The report of that lively reconnaissance had just been written when word came from the Commanding Officer that he had received a message from headquarters, instructing him to attack Malt and Gamp Trench at nightfall.
‘What about artillery preparation?’ I asked.
‘There will be none,’ he explained.
‘And no artillery support?’
‘Not a shell!’
I told him what I knew of the trench, how strongly it was held, how impossible, without artillery preparation, against its strong entanglements.
‘It doesn’t matter,’ he said. ‘We’ve got to do it. But you must not go over. You’ve had a solid go already. An officer in reserve will take over the attack.’
‘It will be very hard on the boys, Sir,’ I urged. ‘Tell them it’s quite impossible to get through. It’s a useless, hopeless stunt.’
‘What am I to do?’
‘Ring up Brigade, Sir, tell them of my reconnaissance, and ask them for artillery preparation to beat down the wires.’
The reply was that no artillery aid was possible, that the attack must go on at all costs. I never had a doubt as to the result. The attack might be heroic, but it was hopeless, and in the conjunction of these two words in war is the whole gamut of tragedy. ‘Well, Cull,’ said the C.O. ‘I’m sorry to ask it, but you know the ground; you had better lead the two companies.’
By that time I was in no condition to lead a desperate venture. With six days and nights in the trenches, very little sleep, and for the last forty-eight hours scarcely anything to eat, I was just upon the point of collapse from fatigue— in anything by the condition for ‘a forlorn hope’. In all the circumstances some sense of depression might have been expected. Premonitions were being discredited, almost every day, yet still persisted. Knowing absolutely all the difficulties of this duty, confident that few of us could escape its consequences, I had the most profound conviction that I would personally return unscathed. But my mind was full of gloom, my heart of grief for the gallant company who were to go upon a quest where valour within the limits of human possibilities as of little avail. The companionship of battle makes one very tolerant as to little indiscretions, appreciative of great virtues. And my boys, who possessed in high perfection some of the finest attributes of manhood, were to be sacrificed!
‘Can’t you get round their wires?’ asked the commanding officer. The question showed that he too realised the hopelessness of getting through them, yet had no real appreciation of the position and could have none, unless he could see those triple lines of continuous entanglements as I had seen them.

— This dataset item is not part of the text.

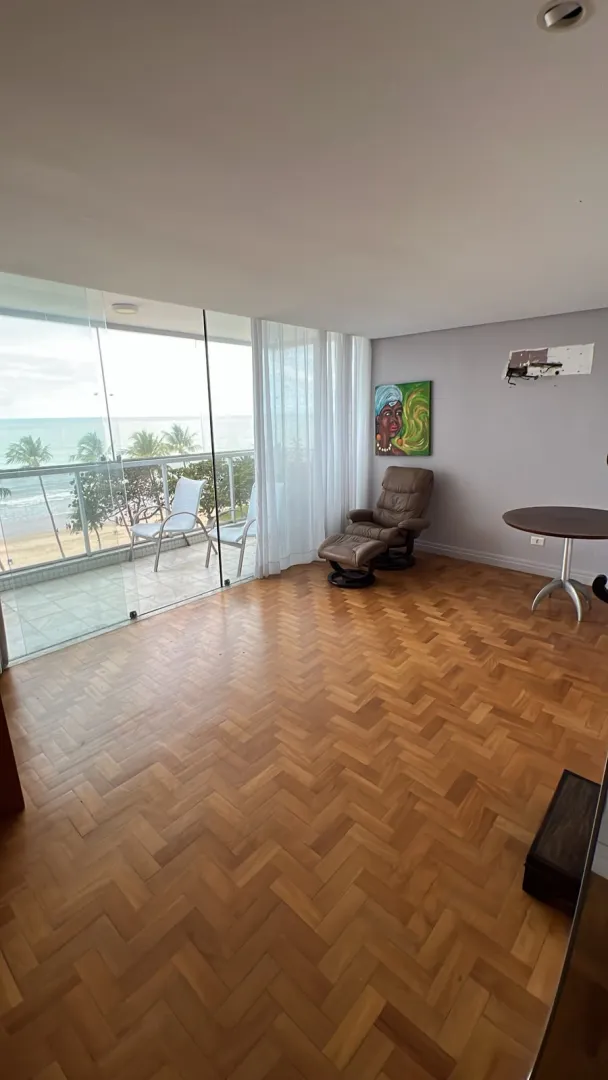 Apartamento &agrave; venda com 202 m&sup2; | 4 quartos sendo 1 su&iacute;te | Varanda | 2 vagas Avenida Boa Viagem Recife -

We were to rendezvous in the sunken road, which for a second time that day furnished refuge. There was still light enough, as we marched down, for the Germans to see us and put an intense artillery barrage over the spot, though fortunately we were well under shelter before they laid it down. There we waited some time for the troops which were to co-operate with us, but none arrived. With a full sense of my responsibility to the men whom I was to lead to sure destruction, I took advantage of those few moments to send a last appeal to the second-in-command.
‘In view of the fact that units supposed to co-operate have not materialised, and that the Huns are putting down a heavy barrage—guns and machine guns—may we, not even now, have artillery support?’
The reply was curt and conclusive.
‘Attack at all costs.’
It was an order so definite, received an hour after the time originally fixed for the assault, that there was no alternative but to carry it through, comforting oneself with the belief that behind the sacrifice was some hidden reason such as that which influenced our move against the Butte de Warlencourt a few nights before.17 The luck of that hazard too stimulated the hope that, even without the element of surprise, I might still chance to find some lane through the German entanglements large enough to pass a few men at a time. Scouts were sent forward to feel for such an opening, but no news came back. Hope that such passage might exist, I had conformed the attack so as to have a better chance of finding and making use of it. Instead of advancing in waves—a plan by means of which, with the wires beaten down by gun-fire, casualties were lessened—we moved in column of shallow sections, roughly single file at intervals, a method afterwards adopted, I understand, at Bullecourt for an advance against machine-gun nests or ‘block houses.’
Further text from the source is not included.